В голосе Ольги Викторовны слышится насмешка. И вдруг она резко меняет тон:
— Да вы просто смеетесь, шутите, Андрей Петрович, и мне нравятся ваши шутки!
— А если я говорю это серьезно?
Ольга Викторовна поднимает на него бойкие глаза.
— Серьезно говорить так вы не можете.
— Почему?
— Если вы говорили это серьезно, то вы либо фальшивый человек, либо очень плохой революционер.
— Лучше быть плохим революционером, чем фальшивым человеком: ведь фальшивому человеку стать искренним гораздо труднее, чем плохому революционеру сделаться хорошим.
— Это правда, с этим я согласна, и вы мне нравитесь вашей искренностью.
— Неужели я вам нравлюсь? Впервые слышу это от девушки!
— Ах, какой несчастненький! Ну, и в последний раз слышите это, не надо придираться к словам!
Лобанович придает лицу трагическое выражение, низко свешивает голову и печально качает ею.
— Неужели это правда? Неужели никогда не услышу я от девушки, что нравлюсь ей? Не услышу!..
— Не услышите, — подтверждает Ольга Викторовна.
В один миг трагическое выражение исчезает с его лица. Он быстро вскидывает голову.
— И наплевать!
Такой быстрый и неожиданный переход от отчаяния к беззаботности веселит учительницу, и она заливается веселым смехом.
— Лучшего в вашем положении и не скажешь, — говорит она, не переставая смеяться.
Какая-то новая мысль загорается в живых, выразительных глазах учительницы.
— А скажите, Андрей Петрович, — переменив тон, спрашивает Ольга Викторовна, — любили вы кого-нибудь хоть раз?
Лобанович невольно опускает глаза, но быстро справляется с замешательством и в свою очередь спрашивает:
— А как вам кажется?
Ольга Викторовна вглядывается в Лобановича.

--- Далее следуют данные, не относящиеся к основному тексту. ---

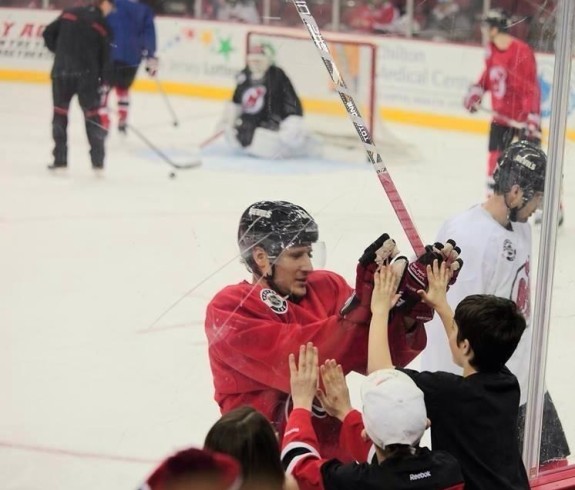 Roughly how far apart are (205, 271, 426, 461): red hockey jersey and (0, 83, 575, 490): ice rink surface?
0.42 ft

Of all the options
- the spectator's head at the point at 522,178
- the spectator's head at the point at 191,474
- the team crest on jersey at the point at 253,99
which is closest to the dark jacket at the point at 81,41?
the team crest on jersey at the point at 253,99

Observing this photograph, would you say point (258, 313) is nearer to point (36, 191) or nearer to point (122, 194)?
point (36, 191)

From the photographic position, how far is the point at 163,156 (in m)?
3.88

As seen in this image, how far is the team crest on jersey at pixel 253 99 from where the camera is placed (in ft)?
7.32

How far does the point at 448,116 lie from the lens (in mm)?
5410

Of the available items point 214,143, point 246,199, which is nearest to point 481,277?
point 246,199

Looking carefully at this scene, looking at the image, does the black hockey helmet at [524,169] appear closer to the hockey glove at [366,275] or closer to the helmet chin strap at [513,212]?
the helmet chin strap at [513,212]

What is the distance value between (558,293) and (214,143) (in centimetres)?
97

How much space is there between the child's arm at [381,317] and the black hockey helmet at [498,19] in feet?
3.30

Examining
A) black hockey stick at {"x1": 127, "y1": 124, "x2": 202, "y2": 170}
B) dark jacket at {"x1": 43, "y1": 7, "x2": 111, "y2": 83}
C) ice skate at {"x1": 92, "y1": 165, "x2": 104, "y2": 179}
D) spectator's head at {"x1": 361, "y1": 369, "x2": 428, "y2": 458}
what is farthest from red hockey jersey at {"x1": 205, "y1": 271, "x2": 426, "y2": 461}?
black hockey stick at {"x1": 127, "y1": 124, "x2": 202, "y2": 170}

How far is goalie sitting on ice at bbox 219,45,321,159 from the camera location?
2.18 m

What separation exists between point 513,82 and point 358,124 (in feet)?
2.25

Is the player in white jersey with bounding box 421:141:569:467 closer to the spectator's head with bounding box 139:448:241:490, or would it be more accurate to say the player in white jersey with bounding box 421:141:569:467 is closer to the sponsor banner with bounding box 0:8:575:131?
the sponsor banner with bounding box 0:8:575:131

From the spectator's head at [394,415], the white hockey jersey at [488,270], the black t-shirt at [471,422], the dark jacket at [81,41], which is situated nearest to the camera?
the spectator's head at [394,415] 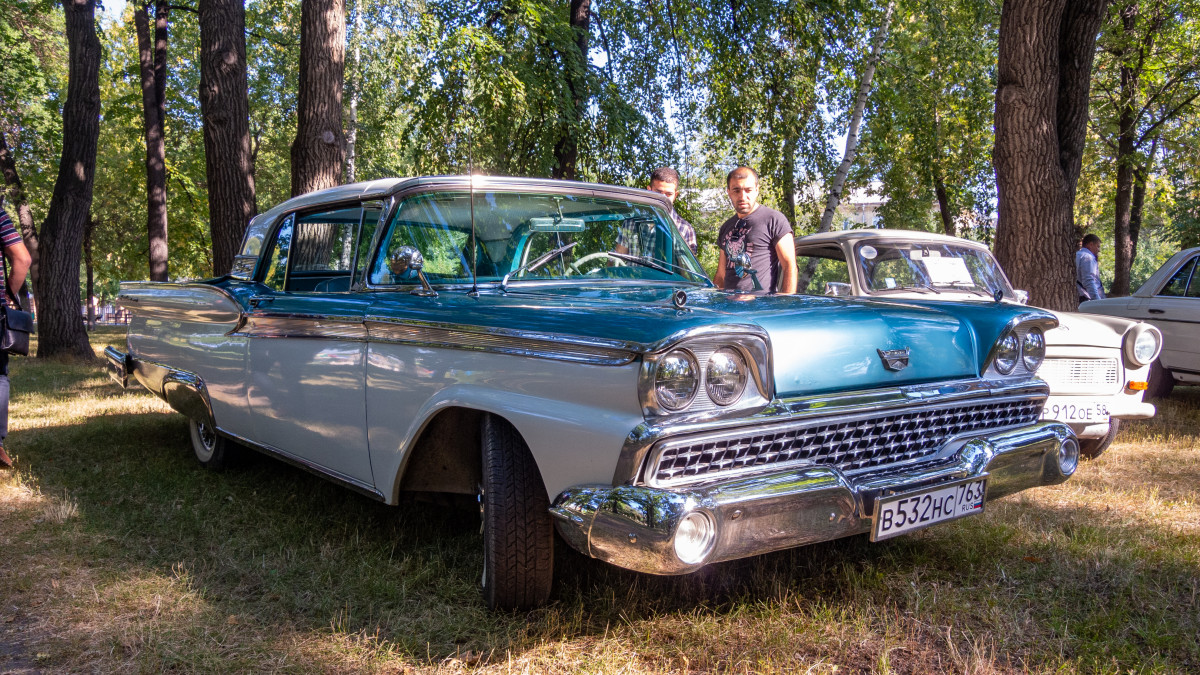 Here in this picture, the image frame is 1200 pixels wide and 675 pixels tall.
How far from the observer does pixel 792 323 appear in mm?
2551

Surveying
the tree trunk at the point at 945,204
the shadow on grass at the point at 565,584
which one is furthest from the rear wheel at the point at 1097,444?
the tree trunk at the point at 945,204

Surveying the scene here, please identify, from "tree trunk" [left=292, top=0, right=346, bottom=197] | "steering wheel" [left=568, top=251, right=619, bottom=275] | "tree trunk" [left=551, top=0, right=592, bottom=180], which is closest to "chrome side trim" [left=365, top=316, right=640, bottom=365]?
"steering wheel" [left=568, top=251, right=619, bottom=275]

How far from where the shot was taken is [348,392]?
11.0 feet

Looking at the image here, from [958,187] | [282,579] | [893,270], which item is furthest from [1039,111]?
[958,187]

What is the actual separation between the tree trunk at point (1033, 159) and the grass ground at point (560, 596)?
339 centimetres

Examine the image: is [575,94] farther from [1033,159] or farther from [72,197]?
[72,197]

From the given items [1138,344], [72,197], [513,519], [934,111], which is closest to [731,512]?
[513,519]

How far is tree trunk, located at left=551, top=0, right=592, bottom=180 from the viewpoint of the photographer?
1156 centimetres

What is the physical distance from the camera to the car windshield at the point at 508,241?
3.42 meters

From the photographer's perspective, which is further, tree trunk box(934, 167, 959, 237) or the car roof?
tree trunk box(934, 167, 959, 237)

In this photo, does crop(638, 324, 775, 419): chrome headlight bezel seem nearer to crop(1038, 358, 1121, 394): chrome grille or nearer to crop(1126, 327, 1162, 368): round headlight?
crop(1038, 358, 1121, 394): chrome grille

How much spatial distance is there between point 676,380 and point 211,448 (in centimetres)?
392

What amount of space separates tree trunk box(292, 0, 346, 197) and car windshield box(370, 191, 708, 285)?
429 cm

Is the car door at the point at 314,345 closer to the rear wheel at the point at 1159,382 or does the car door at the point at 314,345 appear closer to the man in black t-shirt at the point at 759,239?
the man in black t-shirt at the point at 759,239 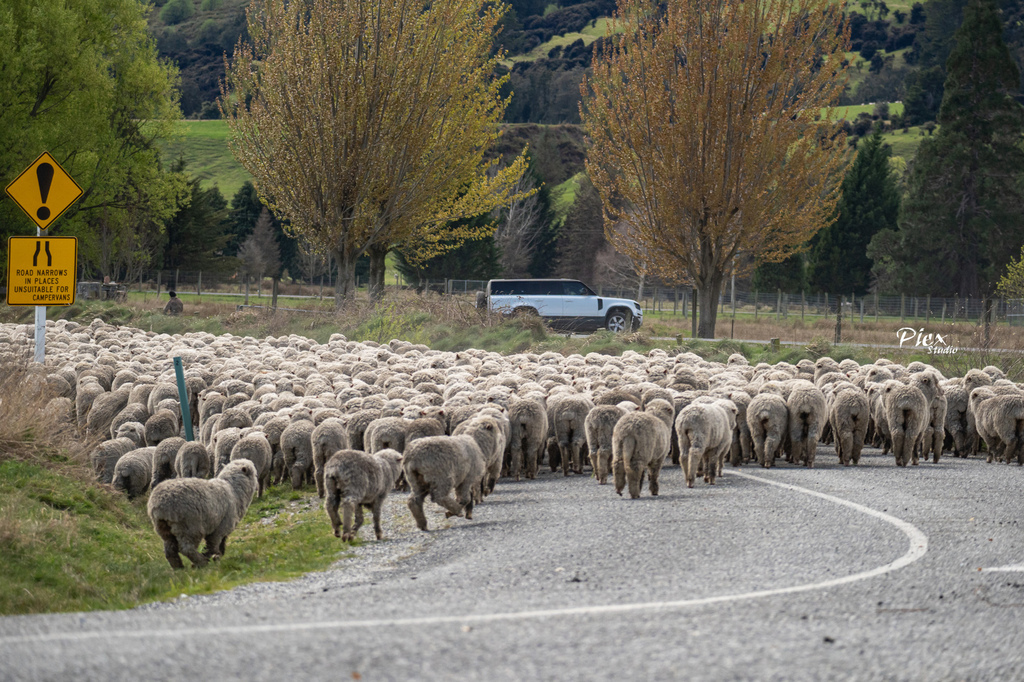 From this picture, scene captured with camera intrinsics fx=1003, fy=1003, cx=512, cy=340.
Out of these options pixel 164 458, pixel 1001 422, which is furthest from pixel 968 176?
pixel 164 458

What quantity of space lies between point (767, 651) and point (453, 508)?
4838 mm

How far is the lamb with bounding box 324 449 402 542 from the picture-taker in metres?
9.59

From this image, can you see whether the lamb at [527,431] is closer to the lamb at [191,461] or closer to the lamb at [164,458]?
the lamb at [191,461]

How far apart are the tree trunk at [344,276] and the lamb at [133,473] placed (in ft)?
74.7

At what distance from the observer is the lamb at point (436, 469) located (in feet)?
32.5

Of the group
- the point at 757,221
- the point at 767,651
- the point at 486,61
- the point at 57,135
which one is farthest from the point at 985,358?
the point at 57,135

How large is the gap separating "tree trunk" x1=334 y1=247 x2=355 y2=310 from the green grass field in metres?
80.0

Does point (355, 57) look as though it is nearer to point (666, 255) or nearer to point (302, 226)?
point (302, 226)

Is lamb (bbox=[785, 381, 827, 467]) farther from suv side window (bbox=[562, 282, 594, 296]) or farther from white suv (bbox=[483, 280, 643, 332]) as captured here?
suv side window (bbox=[562, 282, 594, 296])

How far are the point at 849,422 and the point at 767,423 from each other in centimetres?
140

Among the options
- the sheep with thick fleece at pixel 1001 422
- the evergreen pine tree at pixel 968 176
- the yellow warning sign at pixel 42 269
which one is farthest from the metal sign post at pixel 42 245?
the evergreen pine tree at pixel 968 176

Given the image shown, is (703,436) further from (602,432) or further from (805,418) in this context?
(805,418)

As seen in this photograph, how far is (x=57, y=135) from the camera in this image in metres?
38.8

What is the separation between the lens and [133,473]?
11719mm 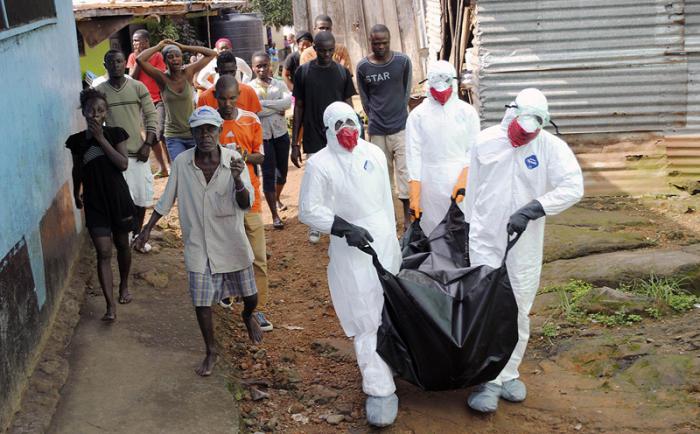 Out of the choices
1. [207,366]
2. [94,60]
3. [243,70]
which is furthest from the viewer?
[94,60]

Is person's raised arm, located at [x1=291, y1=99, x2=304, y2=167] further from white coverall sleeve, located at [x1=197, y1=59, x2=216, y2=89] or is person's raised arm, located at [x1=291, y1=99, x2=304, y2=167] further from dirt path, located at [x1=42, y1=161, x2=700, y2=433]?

— Мне кажется, любили и теперь любите.
— Кого? — снова спрашивает Лобанович.
— Ну, это уж вам лучше знать.
Лобанович устремляет глаза куда-то в пространство и молчит.
— А вы мне все же не ответили на вопрос, — не отступает учительница.
— Если парень начинает рассказывать девушке о своей любви к другой девушке, это означает, что он переносит свою любовь на ту, которой рассказывает.
На лице Ольги Викторовны мелькает радость.
— Это правда?
— Думаю, что правда.
— Но это в том случае, когда рассказчика не тянут за язык?
Лобанович помолчал.
— И это правда.
Ольга Викторовна в свою очередь опускает глаза и задумывается.
— А если бы девушка рассказывала парню о своей любви к другому, то и тогда была бы правда?
— Правда осталась бы правдой.
— И такой вывод делаете вы из собственного опыта? — допытывается учительница с лукавой улыбкой.
— Нет, это только теория, и она, думаю, подтверждается практикой.
— А что послужило причиной создания такой теории?
— Жизнь. Молодая человеческая жизнь.
Ольга Викторовна заливается смехом.
— Ах вы психолог-сердцевед! — в ее словах слышится скептицизм.
Лобанович хитровато улыбается.
— У вас, Ольга Викторовна, был такой случай, когда один ваш знакомый поведал вам о своей любви к другой, а вы полюбили его раньше, чем он рассказал вам это. Я не буду спрашивать, было это или нет, так как знаю, что было.
Ольга Викторовна приходит в замешательство и слегка краснеет. Лобанович делает вид, что не замечает этого.
— Черт знает что вы плетете! Хватит об этом! — говорит она. — Не затем пришла я к вам, чтобы говорить о любви.
Она, кажется, разозлилась на свою слабость, ведь у нее к нему есть нечто более важное…
— Знаете, коллега, что я хотела вам сказать?
— Нет, не знаю.
— Так вот. Вошла я в одну революционную организацию, имею там знакомства. И вам непременно надо связаться с нею.